This has a political manifesto feel to me. It is angry, and defiant . ( which is not a bad thing actually ) Some of my better poetry has come from being pissed !  lol Here's the deal though Darlin  Don't tell me what you are pissed about, show me . By showing the reader what you see, you draw them in, make them part of the situation, and we always " FEEL" when we are directly affected,hence the point of writing ( for me at least lol ) To provoke a response, and to be provoked . 

Much enjoyed Hun


----------



## rainhands (May 10, 2010)

Hi Mr. Beard, and welcome,

I've read through this and the comments you've received, and urge you to listen without getting defensive. The piece is abstract, relying on generalisations, and is didactic to the point that I  really don't care. I don't like being told what to think. Your statements are extremely bland and aren't backed up by anything concrete, and I could take issue with nearly all of them. For example, just the line "Childhood is innocence" gets on my nerves. _My_ childhood certainly wasn't. I think all children are far less innocent than we like to imagine. Children can be manipulative and bullying and lying. Simply put, this is a generalised and uninformed rant that adds up to nothing more than melodrama. I don't think there's anything to salvage from the piece, and that you'd do better to read lots of poetry if you're really serious about improving. Best,

-R


----------



## MaggieG (May 10, 2010)

Ok...  Don't know if I am over stepping my bounds here, but I just read this thread. First.... Please do not take offense to what I told you. If was not meant to offend you. Secondly Hun... The first time I ever posted on a board ? Let's put it this way... lol What has been said here is absolutely kind in comparison. I bawled like a baby !  LOL 

Then...  

I got mad as hell and wrote. I kept writing, and kept reading, and kept writing , and kept reading. The day someone read something I wrote, and said ( and I quote ! lol ) " This doesn't entirely suck. " I almost peed my pants with joy !  lol Why ? Because this strange little habit I do matters to me. I want it to be good. Not just to myself but to others that read it as well. I have no doubt you are of a like mind. ( or simply put you wouldn't be here ) 

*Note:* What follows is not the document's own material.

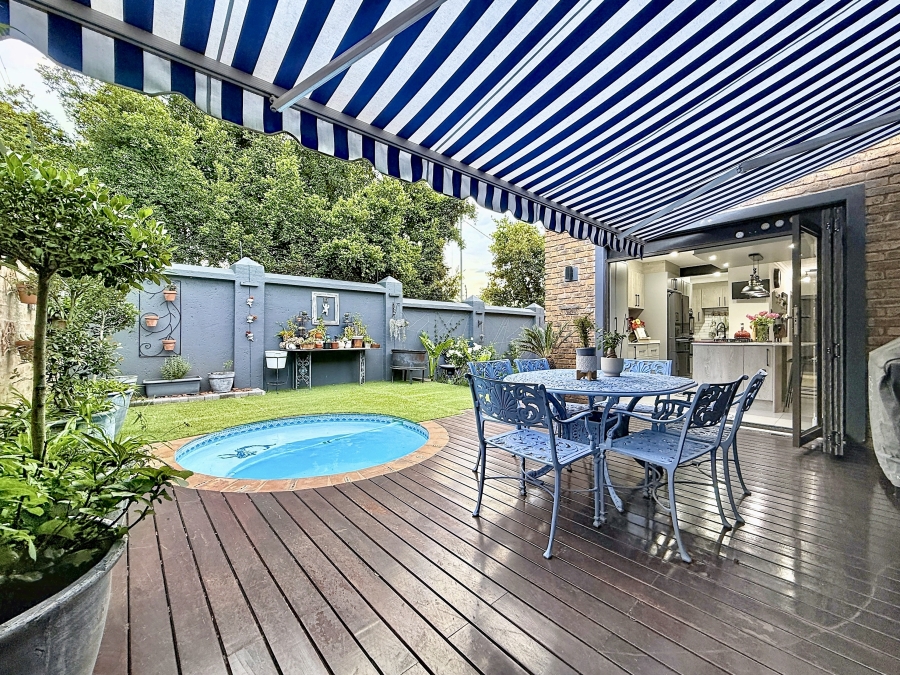 4 Bedroom Property for Sale in Faerie Glen Gauteng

I have read your poem several times. There is an image in your head you see as art. I know there is. Now this is where the "craft" aspect of this comes into play. I can not see it with you. Make me see it as well. Walk me into your world, and show me around. I know it takes time, and work. And if you are like most writers I know, that alone will test your patience. 

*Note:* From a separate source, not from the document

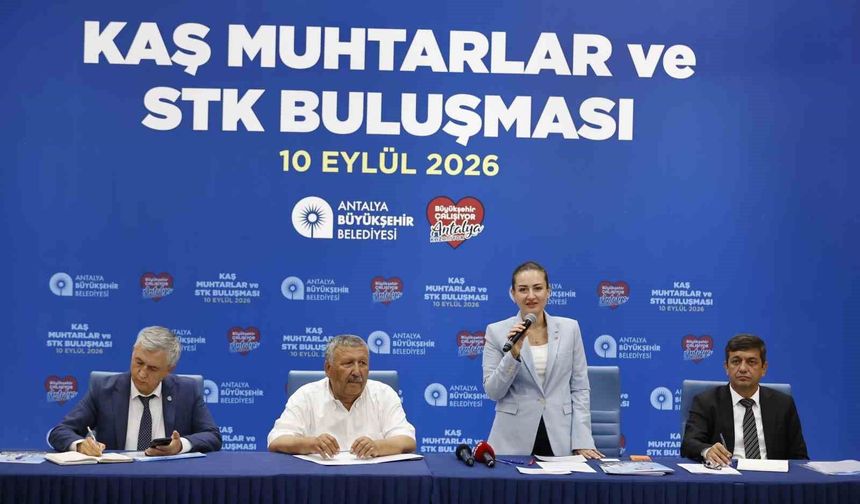 Güreşçiyi alnından öpen Antalya Büyükşehir Belediye Başkanı Büşra Özdemir'den eleştirilere tepki: 'Böyle başarılarda o mertlerin çıkıp alnından öpülür, onlar da başkanının elinden öper'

I am telling you as another writer...  It is worth it.


----------



## MisterSpider (May 10, 2010)

It is no surprise that you think this poem is beautiful, as you are the author and this is your creation. It _is_ a list of abstract nouns; you have 40+ abstract nouns in a 43 line poem. I suggested that you read some poetry -- some good poetry from a reputable journal, to clarify -- so that you can see that this is not the way to write a poem because it means absolutely nothing to everyone involved. Why does it mean nothing? Because it could mean anything. When you use words like "Weak" and "Pride" you rely not on concrete images, but fuzzy feelings that don't add up into anything, that don't provoke any tangible images. Lines like "the strong will rise" are limp platitudes and easily done and this poem is filled with them.


----------



## Ilasir Maroa (May 10, 2010)

Abstract nouns and adjectives have one major use in writing, to reflect character or narrator judgement. As this is a poem without a true character voice, most abstract words are only going to obscure and weaken your meaning. "Thieves prosper" is a good example of an abstract phrase. How exactly do these theives prosper? Are we talking crime in the streets thieves, or crime in the suites thieves?

How is the world "so chaotic"? What effect does the have on the value and meaning of honour? How are we defining honour?

My suggestion would be to pick one or three of the connected ideas in this poem and start over, working to illustrate your claims with concrete examples and imagery.  This allows the reader to form their own opinion and thus become invested in the poem--something which cannot really occur if you are telling them what to think.


----------



## Mr. Beard (May 16, 2010)

I've taken everything into consideration and it is all well received.  

Thanks to to all who commented.


----------